PROBLEM TO WORK ON → Output the listing below verbatim, without images.

AVAILABLE DATA →
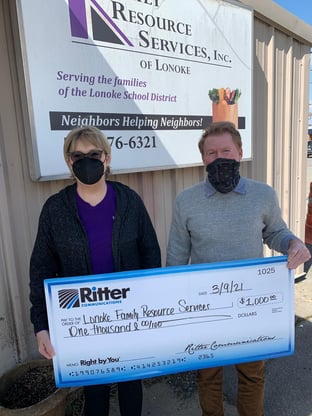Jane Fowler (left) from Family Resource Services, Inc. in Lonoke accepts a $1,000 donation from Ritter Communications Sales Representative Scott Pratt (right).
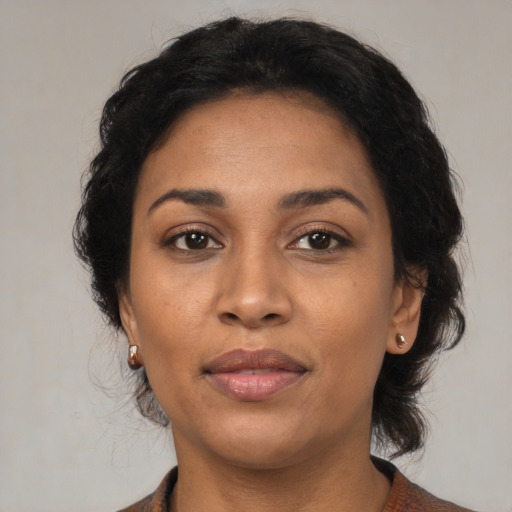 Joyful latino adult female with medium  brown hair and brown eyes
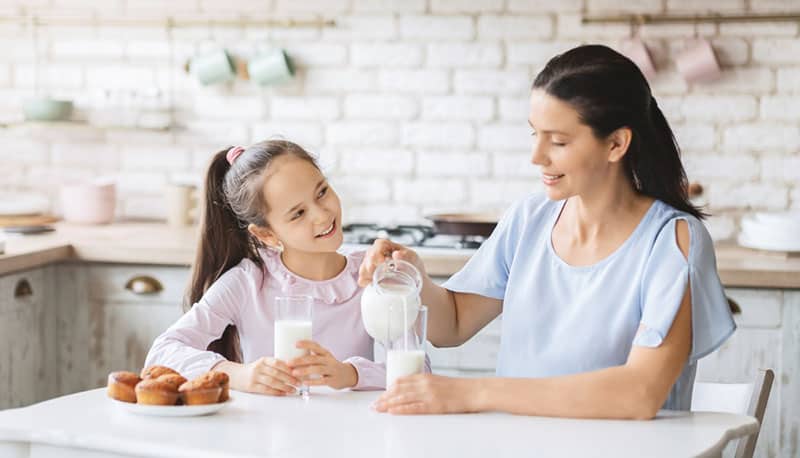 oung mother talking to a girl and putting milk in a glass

WRITTEN RESPONSE →
Jane Fowler (left) from Family Resource Services, Inc. in Lonoke accepts a $1,000 donation from Ritter Communications Sales Representative Scott Pratt (right).
 Joyful latino adult female with medium  brown hair and brown eyes
 oung mother talking to a girl and putting milk in a glass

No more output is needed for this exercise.